Here, we define a bunch of functions that simplify the process of reading in data that we'll use throughout today.

In [None]:
import os
import re
import glob
import pandas as pd

DATA_DIR = '../data'

def read_pride():
    fname = os.path.join(DATA_DIR, 'pride-and-prejudice.txt')
    with open(fname) as f:
        return f.read()

def read_trump():
    fname = os.path.join(DATA_DIR, 'trump-tweets.csv')
    df = pd.read_csv(fname)
    return list(df['Tweet_Text'].values)

def read_austen():
    fnames = os.path.join(DATA_DIR, 'austen', '*.txt')
    fnames = glob.glob(fnames)
    austen = ''
    for fname in fnames:
        with open(fname) as f:
            text = f.read()
            austen += text
    return austen

def read_amazon(n=2):   
    fnames = os.path.join(DATA_DIR, 'amazon', '*.csv')
    fnames = glob.glob(fnames)
    reviews = []
    column_names = ['id', 'product_id', 'user_id', 'profile_name', 'helpfulness_num', 'helpfulness_denom',
                   'score', 'time', 'summary', 'text']
    for fname in fnames[:n]:
        df = pd.read_csv(fname, names=column_names)
        text = list(df['text'].iloc[1:])
        reviews.extend(text)
    return reviews

def read_dante():
    fname = os.path.join(DATA_DIR, 'dante.txt')
    with open(fname) as f:
        return f.read()

def read_example(n=1):
    fname = os.path.join(DATA_DIR, 'example{}.txt'.format(n))
    with open(fname) as f:
        return f.read()
    
def read_music():
    fname = os.path.join(DATA_DIR, 'music_reviews.csv')
    return list(pd.read_csv(fname, sep='\t')['body'])

## Reading in files

The first step is to read in the files containing the data. As we discussed last week, the most common file types for text data are: `.txt`, `.csv`, `.json`, `.html` and `.xml`.

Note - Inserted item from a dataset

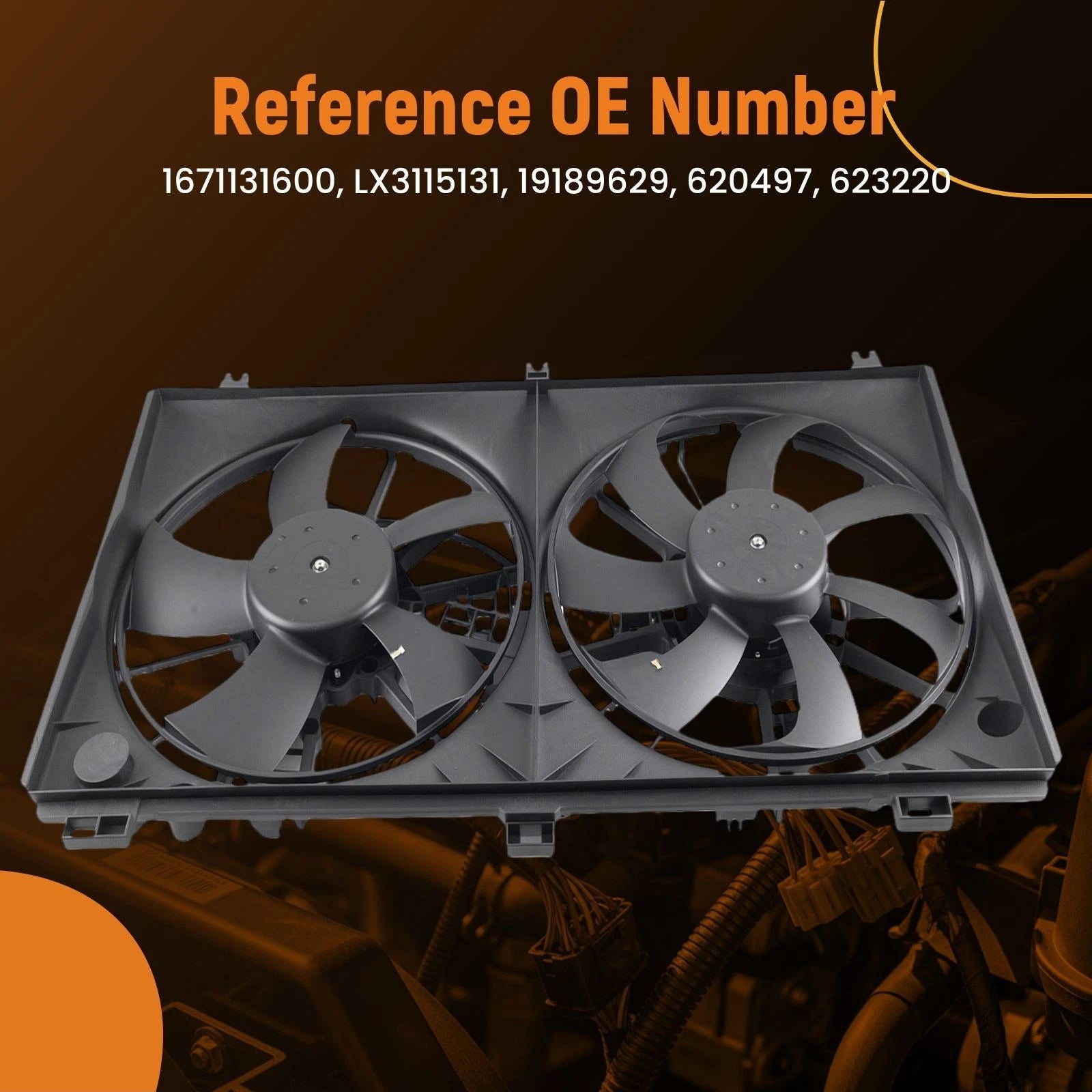 Electric Radiator Cooling Fan for Lexus IS250 (2014–2015)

#### Reading in `.txt` files

Python has built-in support for reading in `.txt` files.

- What type of object is `raw`?
- How many characters are in `raw`?
- Get the first 1000 characters of `raw`?

In [None]:
import os
DATA_DIR = '../day-1/data'
fname = 'pride-and-prejudice.txt'
fname = os.path.join(DATA_DIR, fname)
with open(fname, encoding='utf-8') as f:
    raw = f.read()

#### Reading in `.csv`

Python has a built-in module called `csv` for reading in csv files.

- What type is `tweets`?
- How many entries are in `raw`?
- Which entry is the header row?
- How can we get the text of the first question?
- How can we get a list of the texts of all questions?

In [None]:
import csv
fname = 'trump-tweets.csv'
fname = os.path.join(DATA_DIR, fname)
tweets = []
with open(fname) as f:
    reader = csv.reader(f)
    tweets = list(reader)

#### Reading in `.csv` with `pandas`

`pandas` is a third-party library that makes working with tabular data much easier. This is the recommended way to read in a `.csv` file.

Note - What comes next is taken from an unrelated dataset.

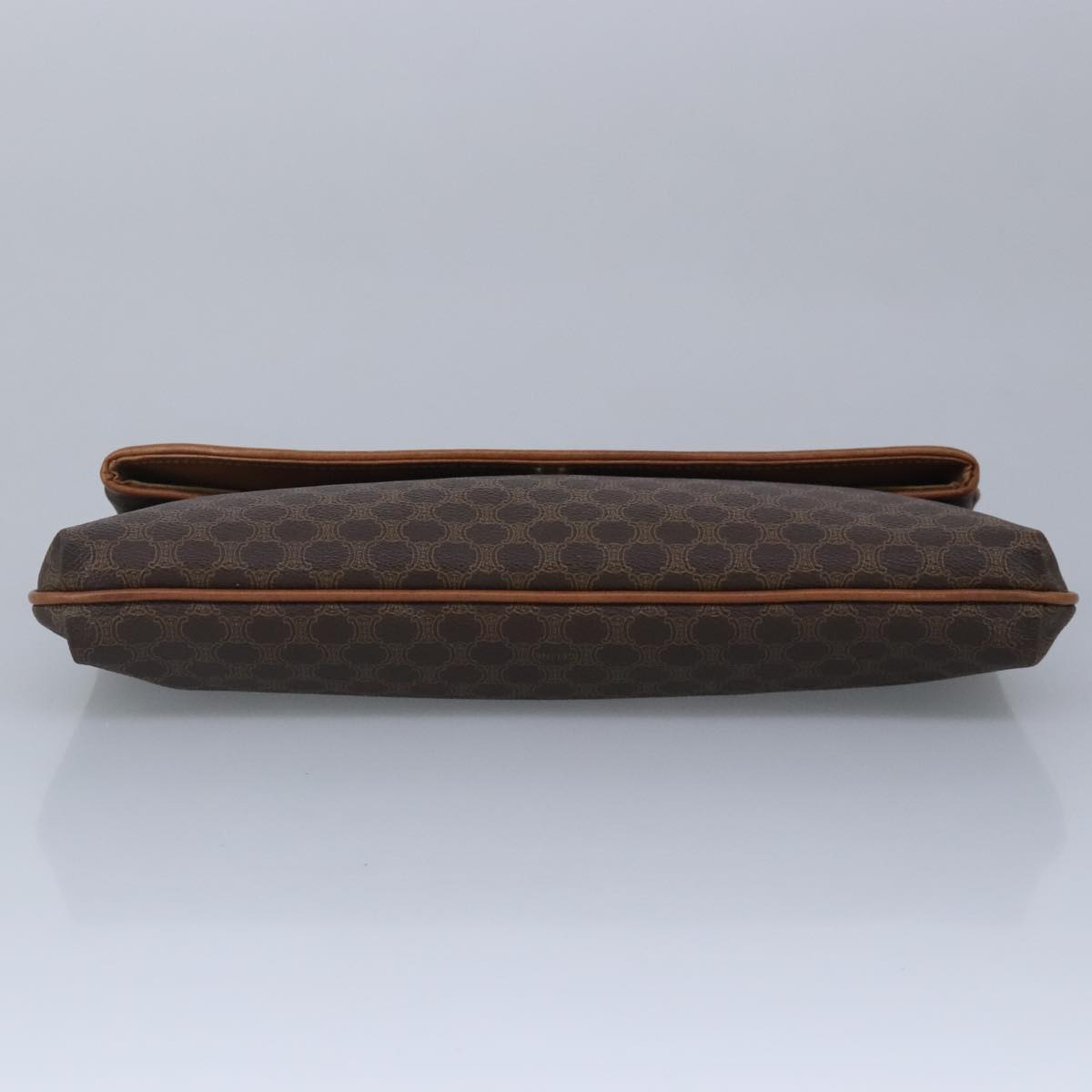 CELINE Macadam Canvas Clutch Bag Brown Auth 99484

- How many tweets are there?
- What happened to the header row?

In [None]:
import pandas as pd
fname = 'trump-tweets.csv'
fname = os.path.join(DATA_DIR, fname)
tweets = pd.read_csv(fname)

In [None]:
tweets.head(3)

In [None]:
tweet_text = list(tweets['Tweet_Text'])
tweet_text[:4]

#### Reading in `.json` files

Python has built-in support for reading in `.json` files.

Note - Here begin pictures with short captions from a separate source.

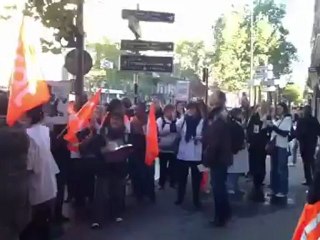 salariés grévistes du CMPR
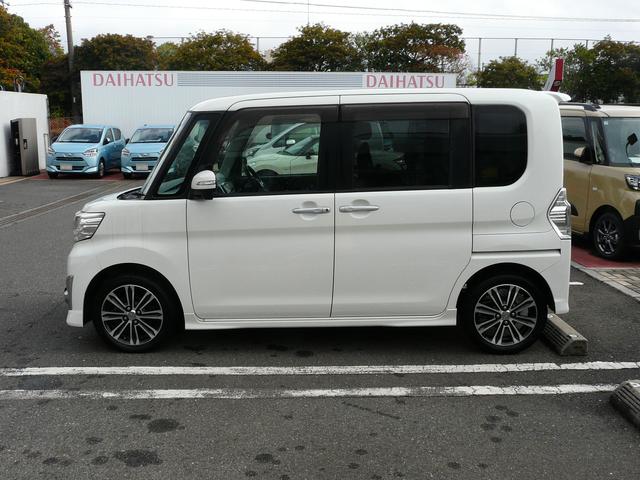 タントカスタムＲＳ　トップエディションＳＡアルミホイール　セキュリティアラーム　スモークガラス　走行距離１２４．２７９ｋｍ（福岡県）の中古車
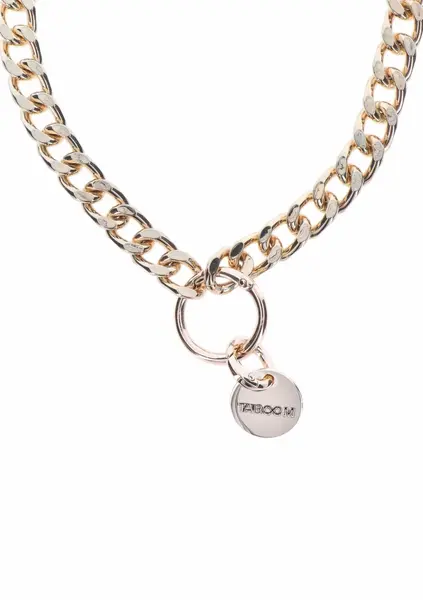 TABOOM Dona Statement Collar Rose Gold Metal Adjustable Design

- How many questions are there in the dataset?
- What data type is each question?
- How can we access the question text of the first question?
- How can we get a list of the texts of all questions?

In [None]:
# import json
# fname = 'jeopardy.json'
# fname = os.path.join(DATA_DIR, fname)
# with open(fname) as f:
#     data = json.load(f)

In [None]:
# data[:3]

#### Reading in `.html` files

The best way to read in `.html` files in Python is with the `BeautifulSoup` package.

In [None]:
from bs4 import BeautifulSoup
fname = 'time.html'
fname = os.path.join(DATA_DIR, fname)
with open(fname) as f:
    html = f.read()
    soup = BeautifulSoup(html)

In [None]:
texts = soup.findAll(text=True)
#texts = soup.getText()
texts[:5]

#### Reading in `.xml` files

We read in `.xml` files using the `ElementTree` module of Python's standard library. We can think of `.xml` files as trees where each branch has a tag name. We can find all the branches with a certain name as follows:

In [None]:
from xml.etree import ElementTree as ET
fname = 'books.xml'
fname = os.path.join(DATA_DIR, fname)
e = ET.parse(fname)
root = e.getroot()

In [None]:
descriptions = root.findall('*/description')
text = [d.text for d in descriptions]
text[:3]

#### Reading in multiple files

Often, our text data is split across multiple files in a folder. We want to be able to read them all into a single variable.

- What type is `austen`?
- What type is `fnames` after it is first assigned a value?
- What type is `fnames` after it is assigned a second value?
- How 

In [None]:
import glob
fnames = os.path.join(DATA_DIR, 'austen', '*.txt')
fnames = glob.glob(fnames)
austen = ''
for fname in fnames:
    with open(fname) as f:
        text = f.read()
        austen += text

## Character encoding

Character encoding was more of a problem in Python 2 and early years in general. With Python 3 and most text files being encoded in `UTF-8`, we don't often need to think about it. If you're getting nonsense when reading in a file, try adding `encoding='utf-8'` to the `open` function.

In [None]:
fname = 'dante.txt'
fname = os.path.join(DATA_DIR, fname)
with open(fname) as f:
    text = f.read()

In [None]:
text[5000:6000]

In [None]:
fname = 'akutagawa.txt'
fname = os.path.join(DATA_DIR, fname)
with open(fname) as f:
    text = f.read()

In [None]:
text[5000:6000]

## Revision

I've read in the text of Jane Austen's _Pride and Prejudice_ into a variable called `pride`. Your tasks are to:
- Figure out what type of Python object `pride` is.
- Tokenize the text and store it in a variable called `tokenized_pride`.
- Figure out what type `tokenized_pride` is.
- Remove all punctuation from `pride`.
- Remove all punctuation from `tokenized_pride`.
- Break `pride` up into sentences and store the result as `sents_pride`.

In [None]:
pride = read_pride()

## OOV words

Sometimes it's best for us to remove infrequent words (sometimes not!). When we do remove infrequent words, it's often for a downstream method (like classification) that is sensitive to rare words.

In [None]:
from nltk import word_tokenize
from string import punctuation
all_tweets = ' '.join(tweets)

# define regex patterns for cleaning
url_pattern = r'https?:\/\/.*[\r\n]*'
URL_SIGN = ' URL '
hashtag_pattern = r'(?:^|\s)[＃#]{1}(\w+)'
HASHTAG_SIGN = ' HASHTAG '
digit_pattern = '\d+'
DIGIT_SIGN = ' DIGIT '

In [None]:
clean = re.sub(url_pattern, URL_SIGN, all_tweets)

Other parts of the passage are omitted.